Write out the listing exactly, from its first line through the line holding "7. What is your", but include none of the pictures.
(Entries shown begins)
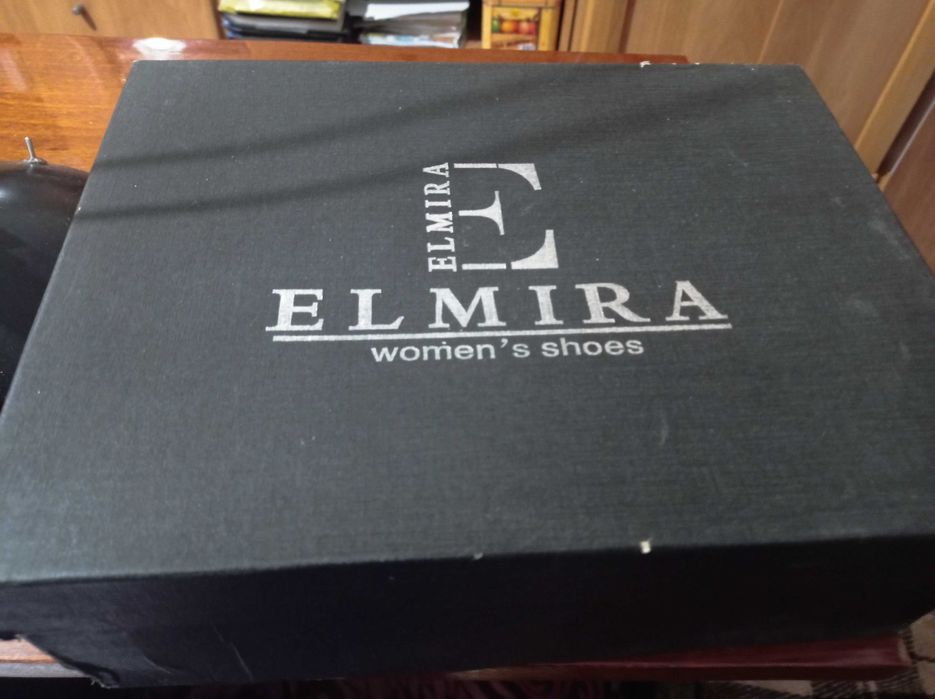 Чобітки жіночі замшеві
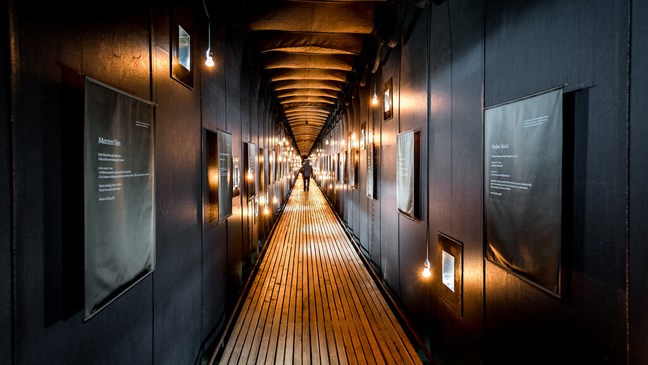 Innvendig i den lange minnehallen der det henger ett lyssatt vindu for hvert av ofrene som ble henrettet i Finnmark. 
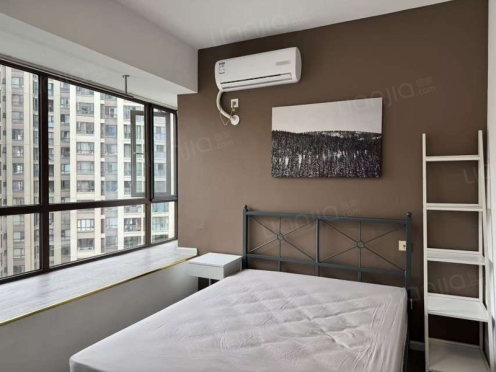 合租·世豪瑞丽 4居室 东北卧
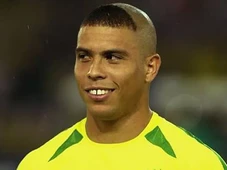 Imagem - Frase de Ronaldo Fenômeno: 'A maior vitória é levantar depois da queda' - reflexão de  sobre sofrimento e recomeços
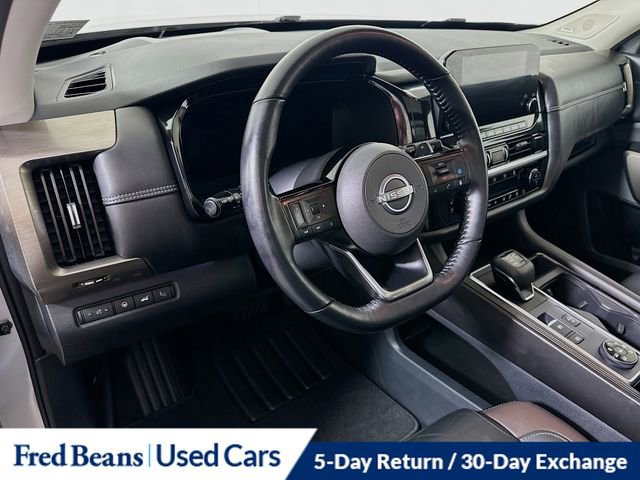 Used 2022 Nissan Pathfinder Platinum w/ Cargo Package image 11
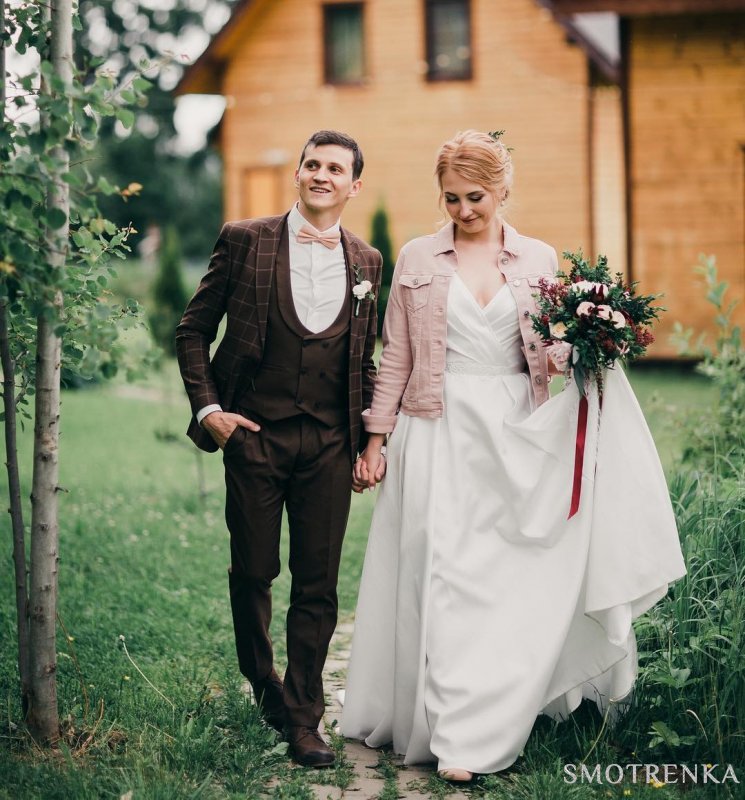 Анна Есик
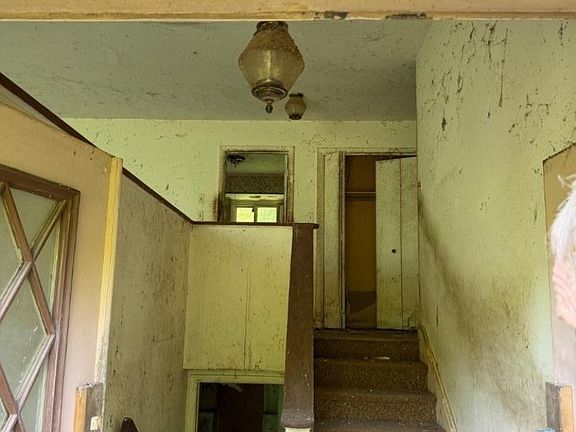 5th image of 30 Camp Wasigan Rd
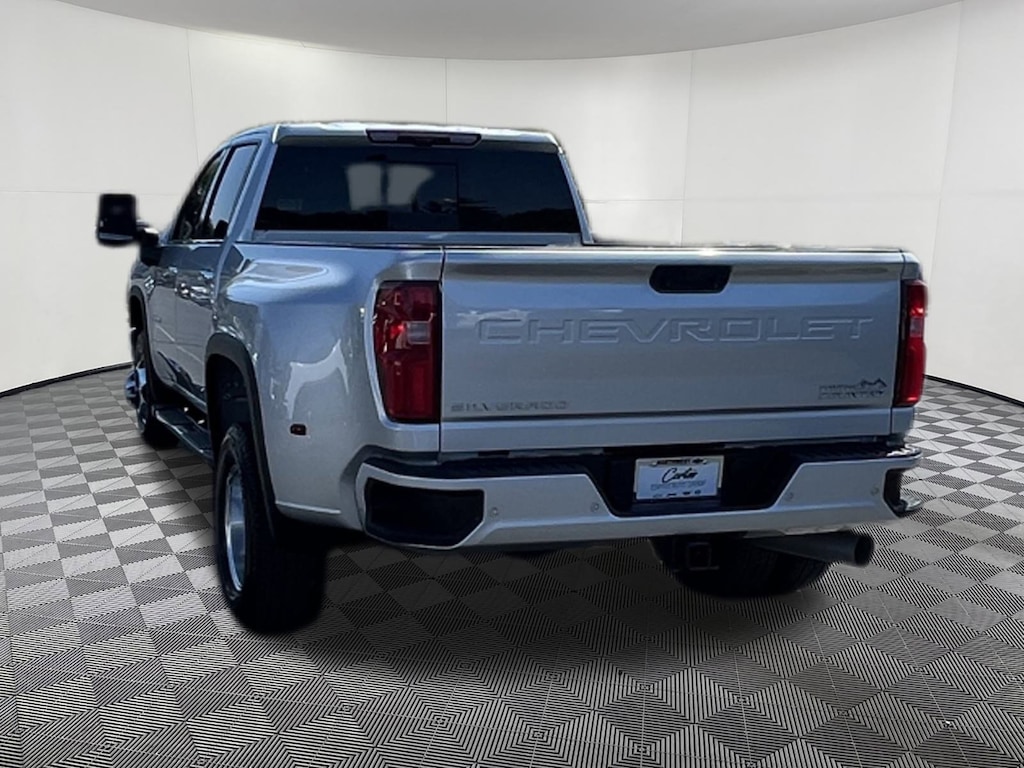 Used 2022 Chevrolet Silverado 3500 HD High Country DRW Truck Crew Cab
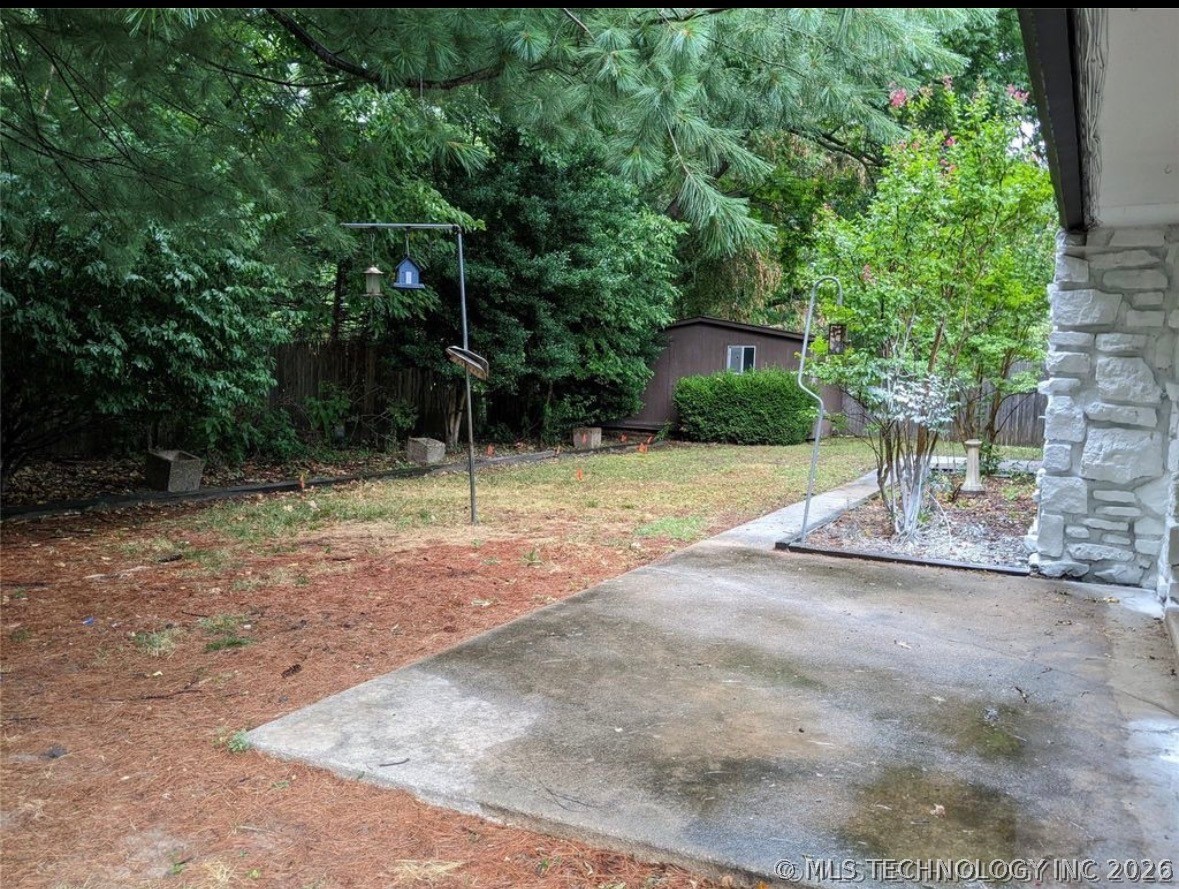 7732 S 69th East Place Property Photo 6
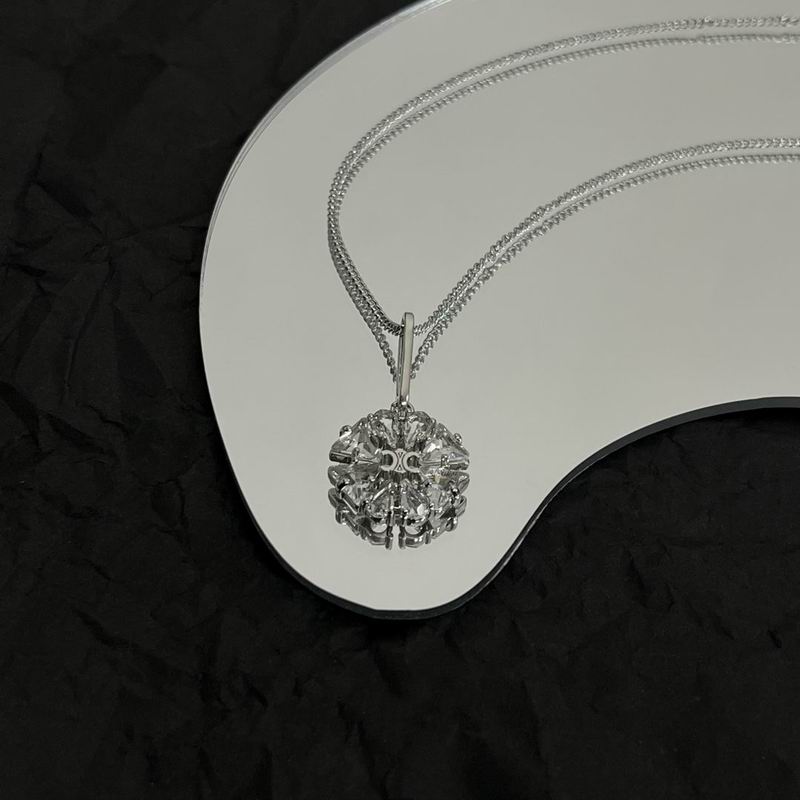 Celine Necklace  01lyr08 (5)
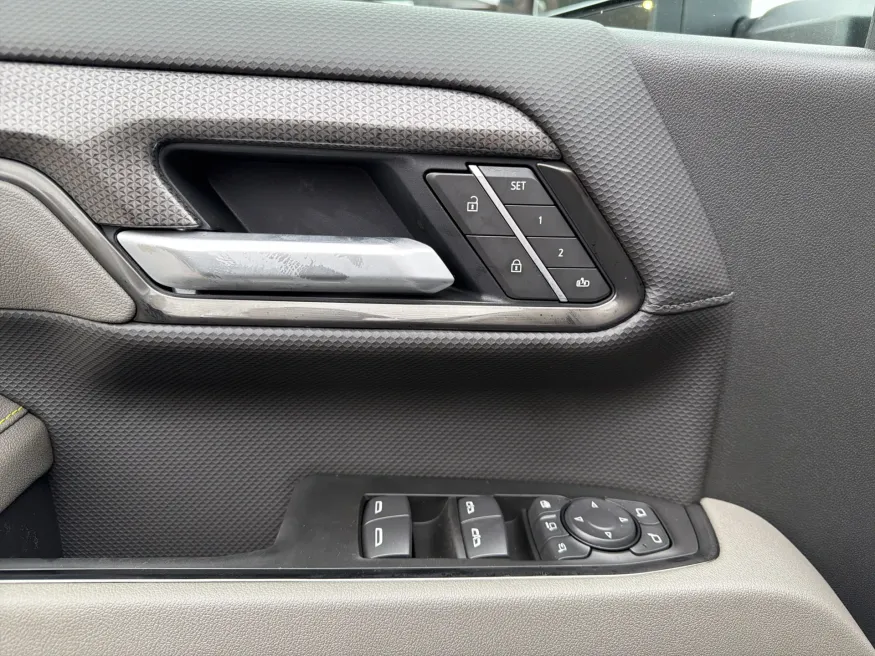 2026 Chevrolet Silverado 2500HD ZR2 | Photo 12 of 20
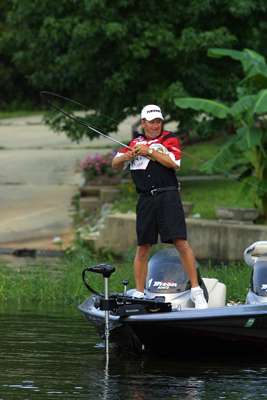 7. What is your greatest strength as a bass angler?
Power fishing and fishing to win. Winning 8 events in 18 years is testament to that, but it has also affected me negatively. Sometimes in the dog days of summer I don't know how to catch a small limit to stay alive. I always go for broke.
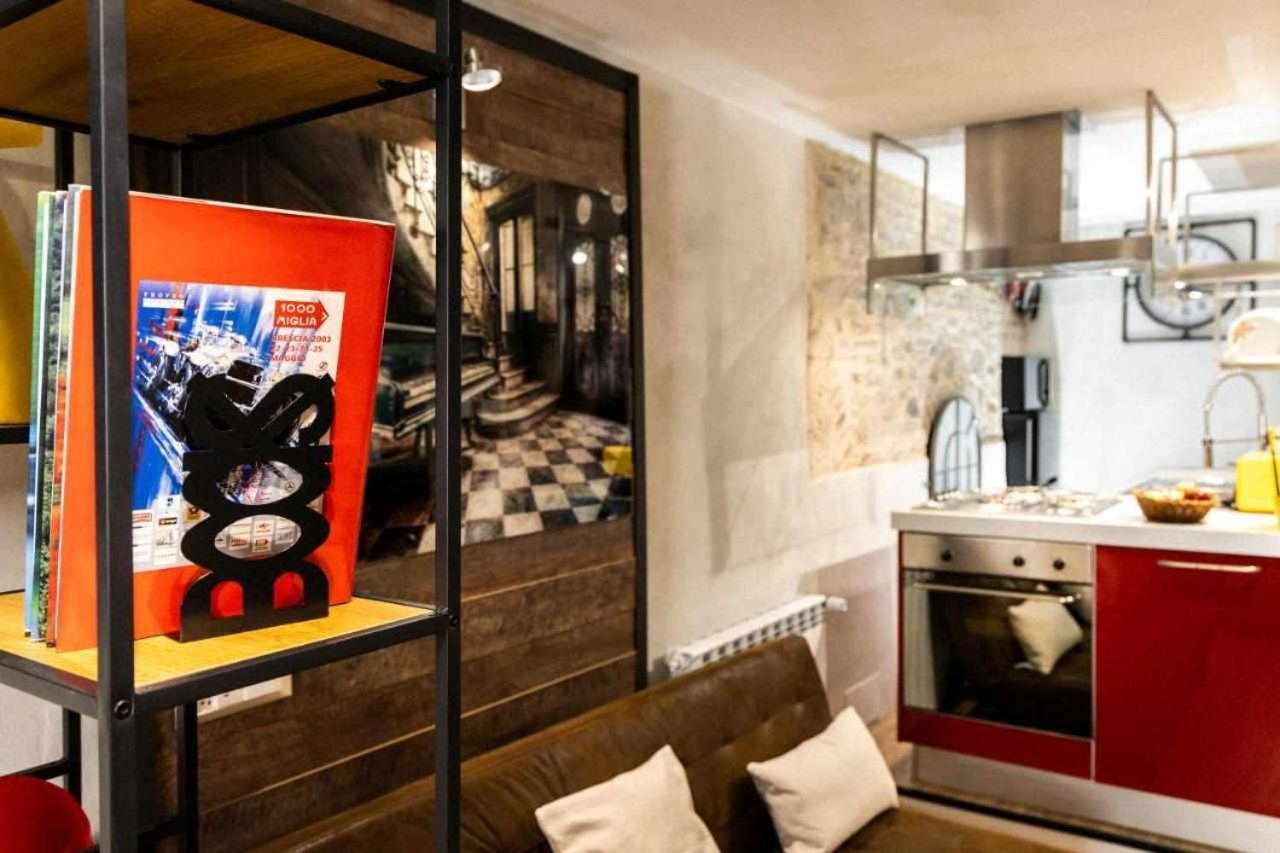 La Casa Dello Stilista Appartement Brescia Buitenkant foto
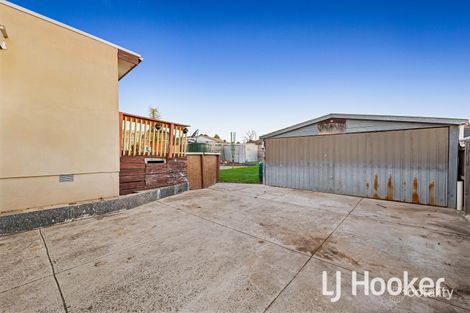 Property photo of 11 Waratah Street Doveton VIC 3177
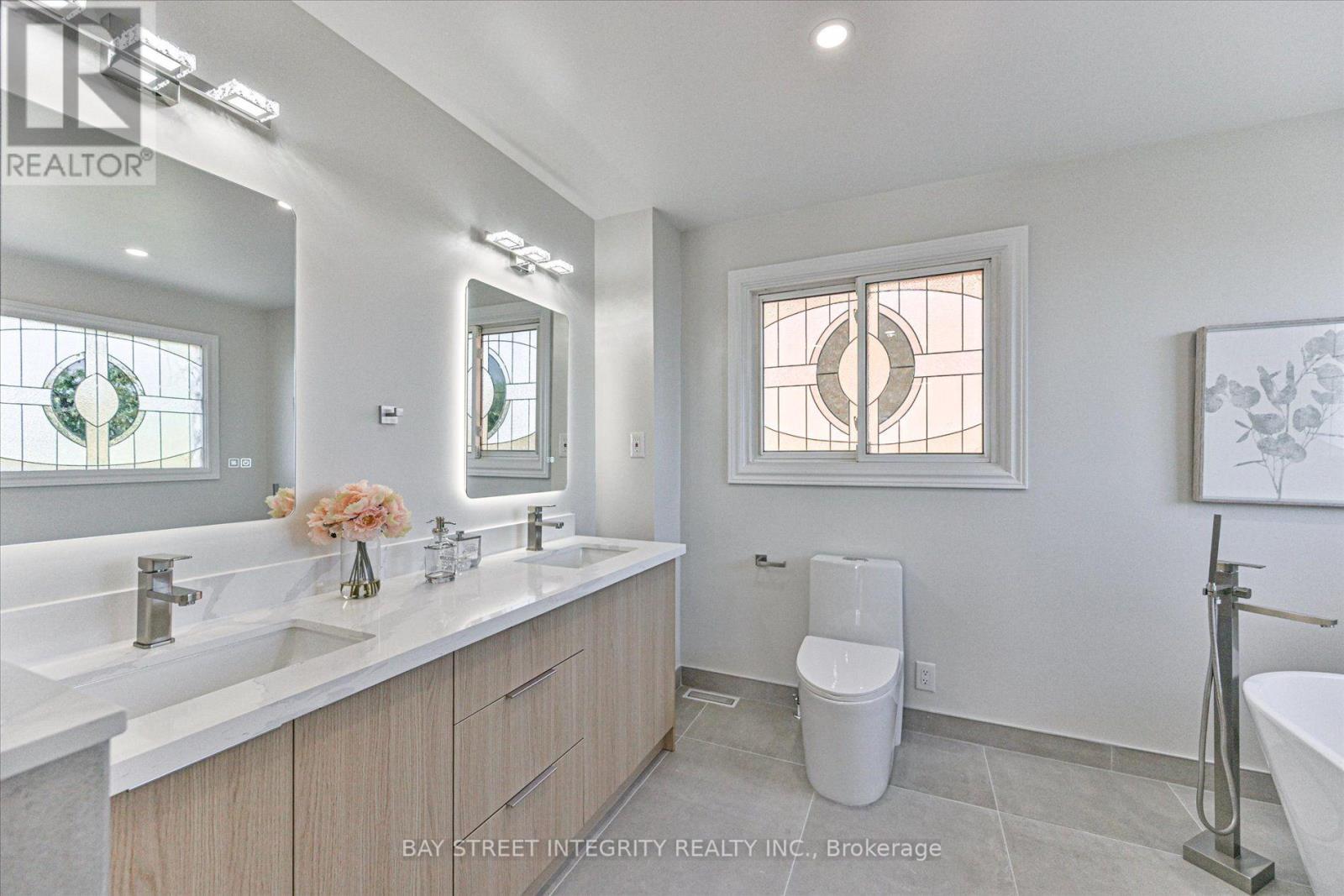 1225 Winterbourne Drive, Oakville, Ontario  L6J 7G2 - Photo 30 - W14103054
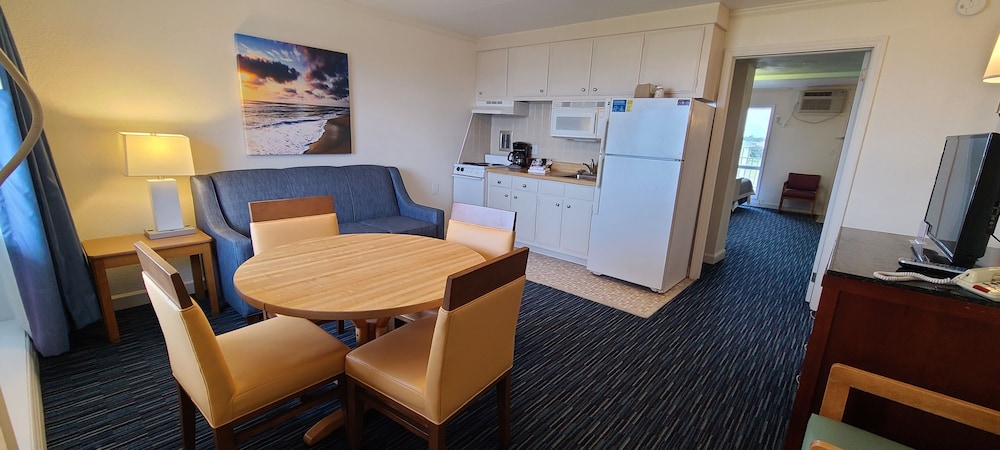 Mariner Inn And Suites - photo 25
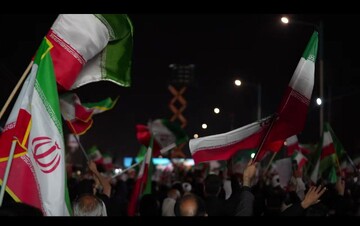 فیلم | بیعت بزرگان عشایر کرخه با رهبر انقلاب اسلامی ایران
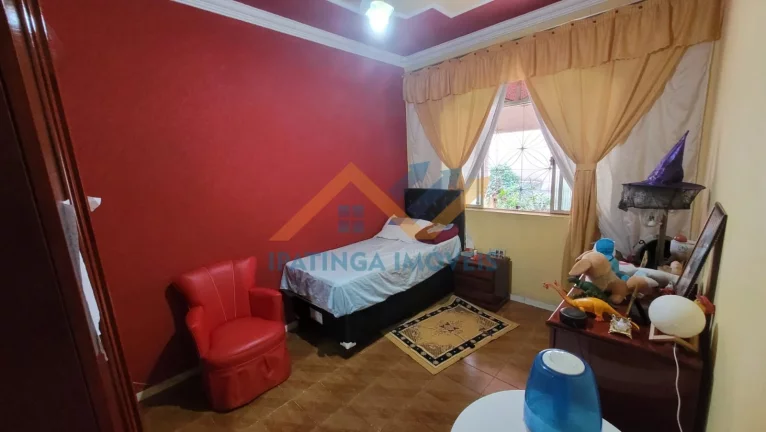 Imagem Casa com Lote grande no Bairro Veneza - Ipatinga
(Entries shown ends)
Exercise output =
 Чобітки жіночі замшеві
 Innvendig i den lange minnehallen der det henger ett lyssatt vindu for hvert av ofrene som ble henrettet i Finnmark. 
 合租·世豪瑞丽 4居室 东北卧
 Imagem - Frase de Ronaldo Fenômeno: 'A maior vitória é levantar depois da queda' - reflexão de  sobre sofrimento e recomeços
 Used 2022 Nissan Pathfinder Platinum w/ Cargo Package image 11
 Анна Есик
 5th image of 30 Camp Wasigan Rd
 Used 2022 Chevrolet Silverado 3500 HD High Country DRW Truck Crew Cab
 7732 S 69th East Place Property Photo 6
 Celine Necklace  01lyr08 (5)
 2026 Chevrolet Silverado 2500HD ZR2 | Photo 12 of 20
 7. What is your greatest strength as a bass angler?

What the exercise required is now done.